Amanda Marcotte's picture

The creepy stalking and ambush of journalist Amanda Terkel by "O'Reilly Factor" producer Jesse Watters was notable not because it was unusual.  Sadly, O'Reilly's staff frequently uses this schtick -- using harassment tactics to silence journalists who say things that Bill O'Reilly doesn't like, especially those who criticize O'Reilly.  Terkel had pointed out that it was inappropriate for O'Reilly to speak on behalf of an anti-rape organization when he engaged in rape apologism, and for that, he sent out the bully patrol to harass Terkel for the viewing pleasure of his wannabe bully audience.

But the stalking was notable because of the context.  The producer followed Terkel from her home and ambushed her in the town in which she was vacationing because she dared to defend rape/murder victims against O'Reilly's insinuation that they have it coming if they break one of O'Reilly's Rules For Young Ladies involving alcohol consumption, curfew, or clothing choices.  You can't blame Terkel for being shaken.  After all, O'Reilly has implied that women who break a rule he wrote for them are asking to be raped and murdered, and now she's got a group of men following her around because she broke a rule O'Reilly wrote for her.  The context elevates the usual ambushing tactics of the "O'Reilly Factor" straight into creepy territory, as Terkel noted: 

    Since I'm a 5 ft, 100 pound woman with an opinion that he doesn't like, perhaps O'Reilly believes I deserve to be treated this way. 

Unsurprisingly, bloggers who wrote in support of Terkel drew the ire of O'Reilly fans, who, as I've noted before, are huge fans of virtual bullying.  The endless cycles of lashing out and virtual (or real life) bullying in an attempt (often unsuccessful) to silence truth-tellers is the point of another post, though.  What I find interesting in all this is that O'Reilly is framing his attack on Terkel as a defense of rape victims, because he's claiming that his speaking gig at the Alexa Foundation is well-deserved because he goes to bat for rape victims.   

How can that be, one may ask, when he says things like: 

    Now Moore, Jennifer Moore, 18, on her way to college.

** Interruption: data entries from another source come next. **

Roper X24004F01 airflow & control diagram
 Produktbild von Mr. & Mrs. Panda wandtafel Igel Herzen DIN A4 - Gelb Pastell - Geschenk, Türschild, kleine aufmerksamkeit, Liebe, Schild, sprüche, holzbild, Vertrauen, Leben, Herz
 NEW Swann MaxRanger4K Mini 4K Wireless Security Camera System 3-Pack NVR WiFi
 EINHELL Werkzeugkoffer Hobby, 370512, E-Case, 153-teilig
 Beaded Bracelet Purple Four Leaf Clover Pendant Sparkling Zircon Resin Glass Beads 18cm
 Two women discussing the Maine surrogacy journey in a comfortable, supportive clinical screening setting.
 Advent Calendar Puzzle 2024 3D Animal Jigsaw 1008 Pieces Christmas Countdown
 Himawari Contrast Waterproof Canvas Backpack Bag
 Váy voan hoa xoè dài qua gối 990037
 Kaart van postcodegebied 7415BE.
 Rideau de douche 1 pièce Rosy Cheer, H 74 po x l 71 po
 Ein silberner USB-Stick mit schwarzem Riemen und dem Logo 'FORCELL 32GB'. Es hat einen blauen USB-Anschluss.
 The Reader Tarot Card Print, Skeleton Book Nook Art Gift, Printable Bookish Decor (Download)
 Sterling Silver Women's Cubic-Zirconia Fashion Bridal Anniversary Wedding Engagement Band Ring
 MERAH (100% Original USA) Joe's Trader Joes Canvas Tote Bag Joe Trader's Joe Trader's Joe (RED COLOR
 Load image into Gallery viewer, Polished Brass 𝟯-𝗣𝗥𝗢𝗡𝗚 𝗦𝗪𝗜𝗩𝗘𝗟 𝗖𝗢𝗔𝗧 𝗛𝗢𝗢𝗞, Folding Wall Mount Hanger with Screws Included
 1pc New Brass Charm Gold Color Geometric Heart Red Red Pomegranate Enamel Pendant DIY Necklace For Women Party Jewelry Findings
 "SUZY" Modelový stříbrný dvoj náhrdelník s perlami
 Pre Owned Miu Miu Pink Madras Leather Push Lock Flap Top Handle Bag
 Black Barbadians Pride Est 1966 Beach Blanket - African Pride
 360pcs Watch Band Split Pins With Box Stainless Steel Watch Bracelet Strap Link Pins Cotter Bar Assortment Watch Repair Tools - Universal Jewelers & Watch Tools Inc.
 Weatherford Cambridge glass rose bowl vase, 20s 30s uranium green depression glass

She was 5-foot-2, 105 pounds, wearing a miniskirt and a halter top with a bare midriff. Now, again, there you go. So every predator in the world is gonna pick that up at two in the morning. 

If O'Reilly has trouble grasping that the fault for rape and murder belongs 100% on the rapist-murdered, then he has no business identifying himself as an advocate for victims.  That alone should disqualify him, but the fact that he's had his own problems harassing women should have made it beyond the pale to treat him as an advocate against sexual violence.   

But I suspect that O'Reilly does think he's a good guy who deplores rape, so long as it's "real" rape, i.e. rape committed against a young woman who follows O'Reilly's Rules For Young Ladies.  If you stay in at night and accept male authority over your movements, and get raped anyway, he probably does feel bad for you.  Isn't that the selling point of the patriarchy--you'll be safe and under male protection if you behave yourself and follow all the rules? 

This fantasy that male dominance is better for women (at least good girls!) is explicitly stated in Kathryn Jean Lopez's deplorable essay blaming feminism for Chris Brown beating Rihanna.  Instead of Chris Brown, who continues to enjoy varied, colorful excuses for his behavior offered free of charge from the public.  Lopez would like to believe that putting a man in complete control of you means he'll never use violence to enforce his authority--which is actually very close to what abusers often say to their victims, that if they didn't buck authority, they wouldn't get beaten.  (Somehow, she also finds lesbians to blame for this.)   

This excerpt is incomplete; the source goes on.